Rooz said that even before Kelp DAO’s $290 million hack rattled confidence in DeFi last month, the team behind Canton—a public, permissioned blockchain—had received questions from financial institutions about threats associated with the “Hermit Kingdom.” He cited a TRM Labs report stating that North Korean hackers have stolen more than $6 billion in crypto since 2017.
Rooz said Canton’s structure can make it harder for North Korean-linked groups to infiltrate projects that use built-in risk protections. Canton allows participants to implement guardrails for subnets they create or for digital assets they issue, which Rooz said institutions must ensure to prevent “bad actors” from engaging with their systems.
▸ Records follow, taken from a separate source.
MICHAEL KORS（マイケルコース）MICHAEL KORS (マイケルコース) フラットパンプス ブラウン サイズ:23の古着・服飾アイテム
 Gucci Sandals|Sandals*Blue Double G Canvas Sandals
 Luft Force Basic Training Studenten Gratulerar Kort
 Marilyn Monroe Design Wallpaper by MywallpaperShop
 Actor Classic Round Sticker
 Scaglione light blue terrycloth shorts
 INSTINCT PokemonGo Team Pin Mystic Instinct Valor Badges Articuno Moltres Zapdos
He also noted that DeFi attackers have evolved beyond basic phishing attempts. Instead, he said campaigns have increasingly involved months-long infiltration efforts aimed at gaining privileged access to protocols.
Since Canton debuted in 2024, some crypto purists have criticized its design, arguing it is not a “true” blockchain because participants can limit users’ control. Rooz said allegations of centralization have also emerged more broadly within DeFi.
He referenced a recent dispute in which Arbitrum’s 12-member security council moved to freeze $71 million in funds left exposed by Kelp DAO’s attackers on Ethereum’s layer-2 scaling network. The decision sparked debate over whether such actions undermine DeFi’s permissionless foundation.
“Nobody should say that that’s a bad thing,” Rooz said. “One of the things that, to me, is pretty interesting about DeFi is that people want all the freedom in the world with none of the risks.”
Rooz acknowledged that Canton participants can create environments that resemble the unrestricted access of networks like Ethereum and Solana. However, he suggested that safety parameters will likely become standard for most consumer-focused applications.
At the same time, he emphasized that projects must choose to use these features and said Canton should not be viewed as a “silver bullet” for DeFi’s problems. Still, he argued that the ability to decide who can access applications—and keep out potential threats—could be a key advantage for institutions.
Rooz said the tension between decentralization and safety is already visible in stablecoin operations. He pointed to Circle, which said it would not lock down USDC stablecoins without a court order after North Korean-linked attackers used the issuer’s infrastructure to move funds. He also cited Tether’s work with authorities to freeze funds allegedly connected to illicit finance.
Rooz said the push-pull between absolute decentralization and safety is unlikely to fade. In a landscape where a single exploit can cause major damage, he suggested that the ability to restrict access to bad actors—once controversial—may become a widely adopted standard.